朝起きると、雨がテントを叩いている。朝食を食べ終わっても止まず、しばし待つ。明るくなってきたころ、これ以上は待てないので、ガスの中を出発する。歩き始めて1時間半ほどするとようやくガスが晴れてきた。
歩きやすそうに見える…ところは雪庇である。慎重に、雪庇と樹林帯のきわきわを選んで歩く。東谷尾根の最大の難点と想定していた2001mピークの下降だが、一見して、こんなのクライムダウンは無理。ということで、懸垂。しかし、藪が意外と濃くて先が見えず、懸垂もそれなりに苦労した。
やっと懸垂が終わって、地形図上細長く平らになっている尾根に目をやると、藪と岩と雪のミックスで、こんなのいくの、うそでしょ、到底歩ける気がしない。ひょっと右手に目をやると、なだらかで歩きやすそうな斜面が続いている。ので、尾根上を歩くのはやめ、尾根から20~30m下の斜面を延々とトラバースしていく。
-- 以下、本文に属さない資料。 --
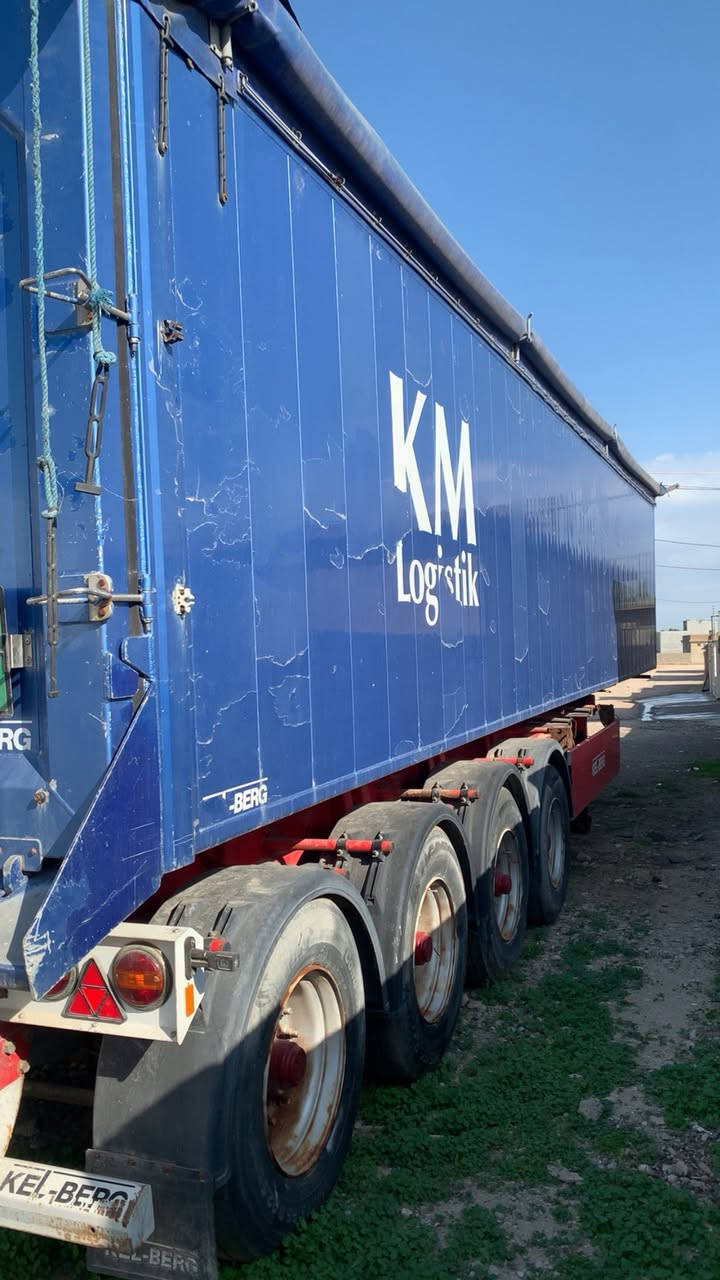 ئەم قەلابە بو  فروشتنە كاتيە سفرە كارى نەكرديە
٦٢ مكەحەبه 
بەرزى ٢٢٠
١١٤٠ مةتر پانى 
ژ.م //
0750 402 46 60
0750 701 91 42

نرخى ٢دةفتةر و ٨٥ورةقة
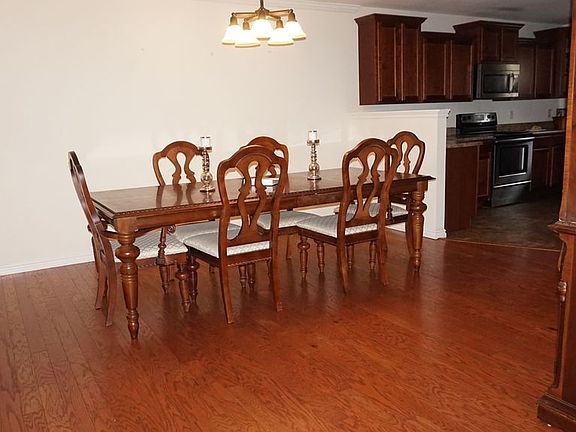 4th image of 70 Fuller Cir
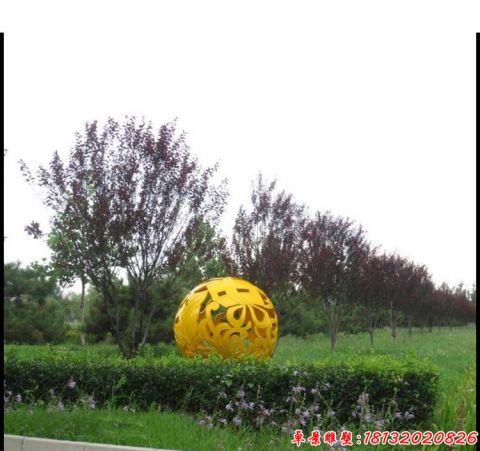 公园彩色镂空球造型
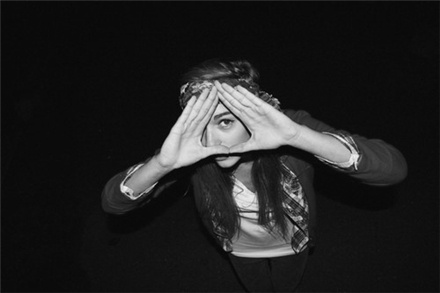 霸气欧美范女生个性黑白空间素材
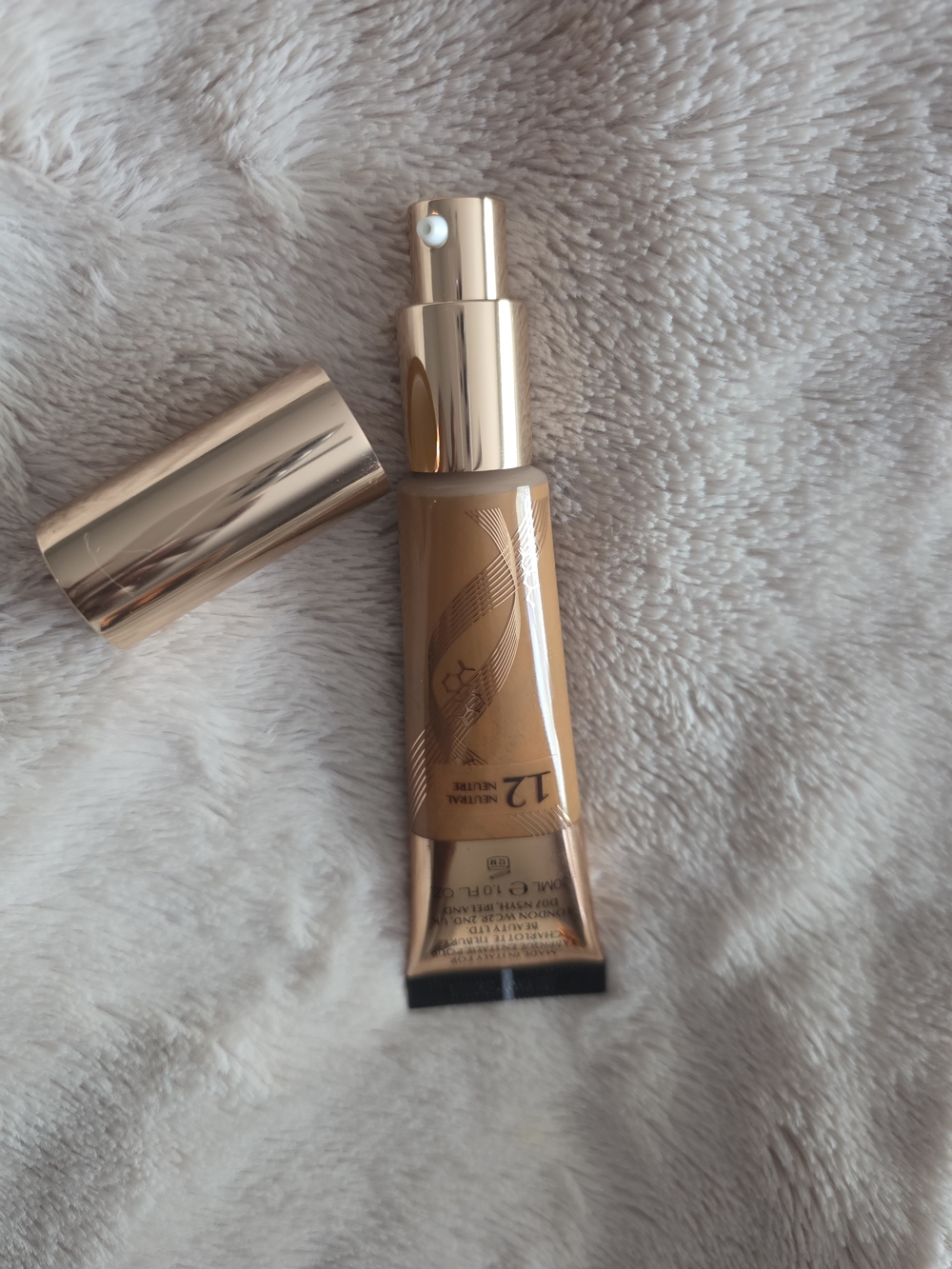 Charlotte Tilbury Beautiful Skin Foundation - Warm Tan - Picture 5 of 5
すると、いい感じの枝尾根にぶちあたる、そこから容易に尾根に復帰できた。このルーファイは上手くいった、のだが、問題は1647mピーク以降の下降で、尾根は急峻に、細くなるし、藪は濃くなる。笹とシャクナゲの藪なのだが、絶妙な感じで雪も出てきて、アイゼンを外せない。正午を回り気温が上がったため、雪に乗るとはげしくずぼる。かなり消耗し、3回もルーファイを間違い、「アレ、なんか変だ‥」と思っては地図を見て、間違いに気づき、20mほど登り返して、また進む、ということを繰り返してしまった。これにはめげた。
1109mピークが近くなってきたころ、ようやく黒部川が見えた!これは嬉しい。が、その先も藪に阻まれて、まったく、遅々として進まない。ようやく1109mピークを越え、鉄塔を探す。が、歩けど歩けど、出てこない。もう、鉄塔なんかないんじゃないのかと疑い始めたころに、やっと鉄塔が出てきて、巡視路を辿って黒部川の岸へ。巡視路も雪がべったりである。
さて、過去の記録を拝見していると、黒部側の岸辺、ダム用道路上やトンネルの中など、人工的に平なところで幕営しているパーティが多く、当然私もそうするつもりだった、のだが、岸辺を見てびっくりする。地面など全く出ておらず、道路やトンネルと思しき場所には、びっちりと雪が斜めについてる。これをトラバースしていかないと、仙人ダムに辿り着けない。幕営なんかもってのほかである。
やむなくトラバースを開始するが、これがまた微妙な斜度。万が一落ちたら黒部川まで止まらずに転落することは明白で、非常に緊張した。ようやくダムにたどり着き、黒部川を渡る。
この時点で1600であったため、もう、この日のうちに仙人谷を渡渉するのは諦め、黒部川と仙人谷が交わる地点のほど近く、平らなところで幕営しようと思っていた。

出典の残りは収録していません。